▶ _Exercise requirements_: This exercise requires an exact output of the listing, images omitted.

BEGIN

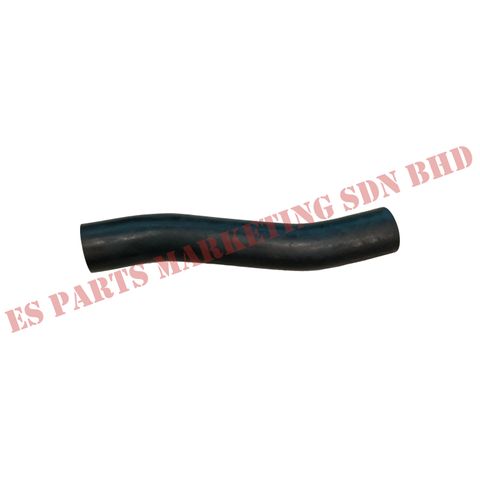Isuzu FSR33 FVR33 6HH1 Bottom Hose 1-21437-560-0, 1-21437-676-0, 1214375600, 1214376760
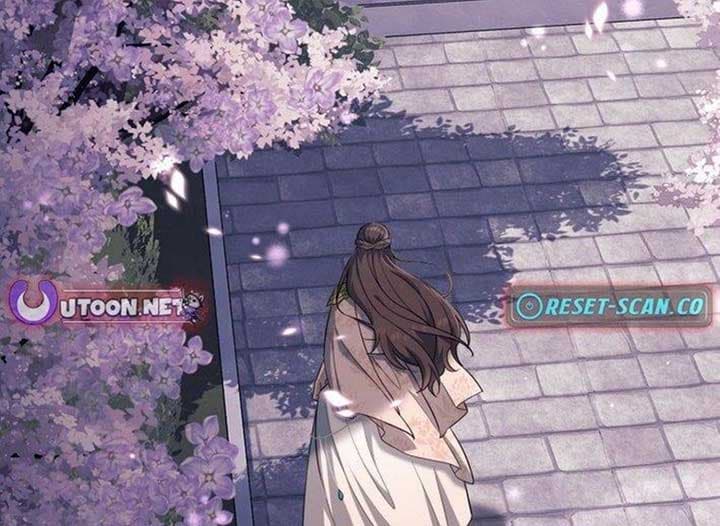 Page https://readmanhwaverse.com/images/magic-lord/chapter-18/ch_18_56.jpg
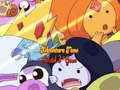                                                                     Adventure Time Match 3 Games  ﺔﺒﻌﻟ
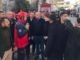 ELAZIĞ DEPREMİ MERAL AKŞENER VE İSMAİL TATLIOĞLU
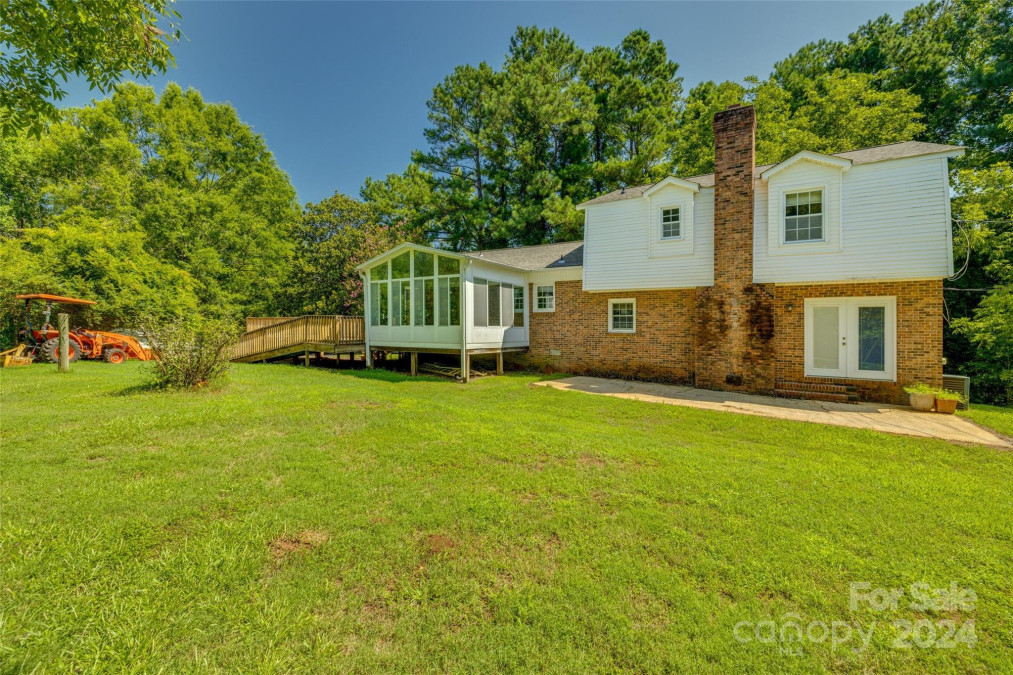 4668 Karwood Dr Rock Hill, SC 29732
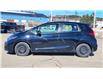 2020 Honda Fit LX (Stk: TL2069) in Saint John - Image 3 of 13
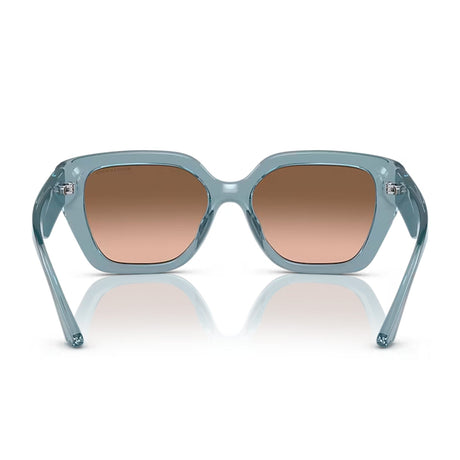 LENTES DE SOL UV400 MUJER AX4125SU 82408Z 54 ARMANI EXCHANGE ARMANI EXCHANGE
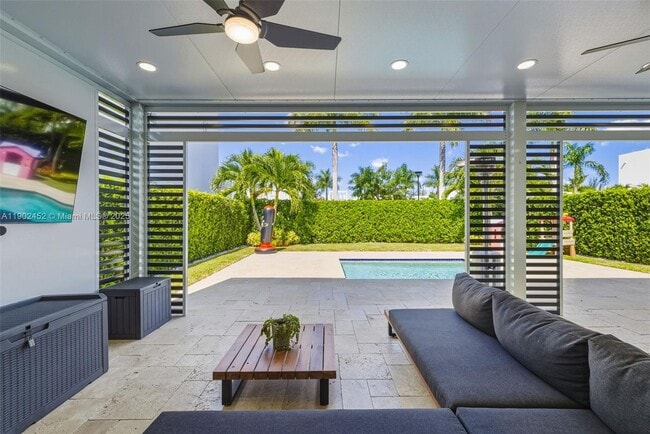 Building Photo - 10359 NW 67th Terrace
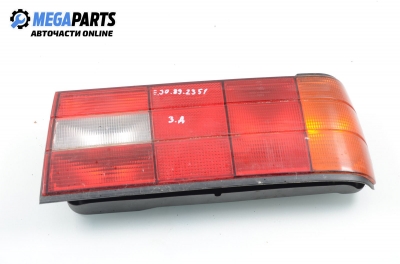 Стоп за BMW 3 Series E30 Sedan (09.1982 - 03.1992), седан, позиция: дясна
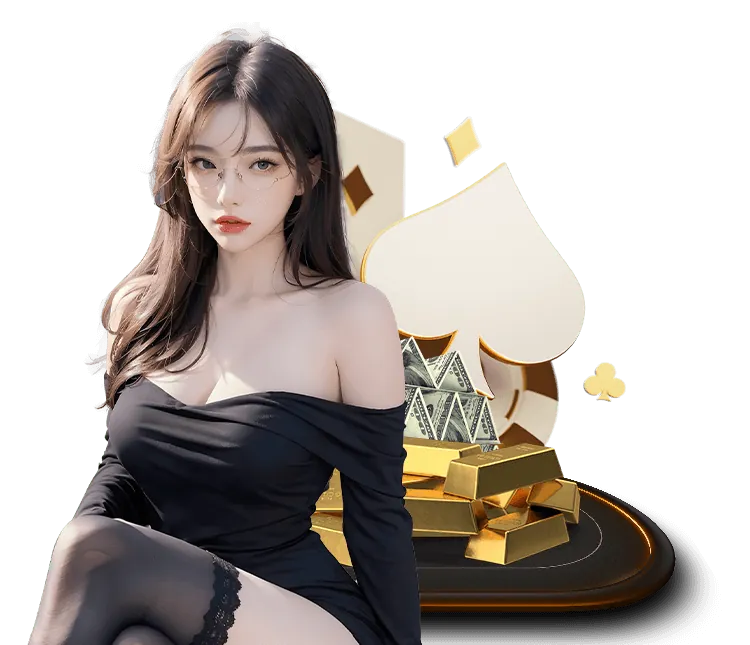 Xu hướng tương lai của sun88 casino trong ngành giải trí trực tuyến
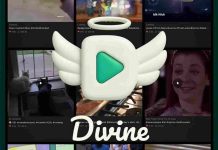Vine gets a reboot that prioritizes human-made videos
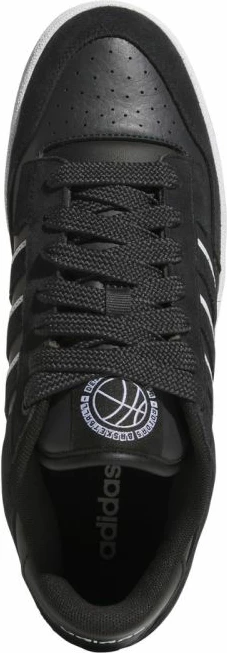 Atlete për meshkuj adidas, të zeza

END

▶ _The answer_:
Isuzu FSR33 FVR33 6HH1 Bottom Hose 1-21437-560-0, 1-21437-676-0, 1214375600, 1214376760
 Page https://readmanhwaverse.com/images/magic-lord/chapter-18/ch_18_56.jpg
                                                                     Adventure Time Match 3 Games  ﺔﺒﻌﻟ
 ELAZIĞ DEPREMİ MERAL AKŞENER VE İSMAİL TATLIOĞLU
 4668 Karwood Dr Rock Hill, SC 29732
 2020 Honda Fit LX (Stk: TL2069) in Saint John - Image 3 of 13
 LENTES DE SOL UV400 MUJER AX4125SU 82408Z 54 ARMANI EXCHANGE ARMANI EXCHANGE
 Building Photo - 10359 NW 67th Terrace
 Стоп за BMW 3 Series E30 Sedan (09.1982 - 03.1992), седан, позиция: дясна
 Xu hướng tương lai của sun88 casino trong ngành giải trí trực tuyến
Vine gets a reboot that prioritizes human-made videos
 Atlete për meshkuj adidas, të zeza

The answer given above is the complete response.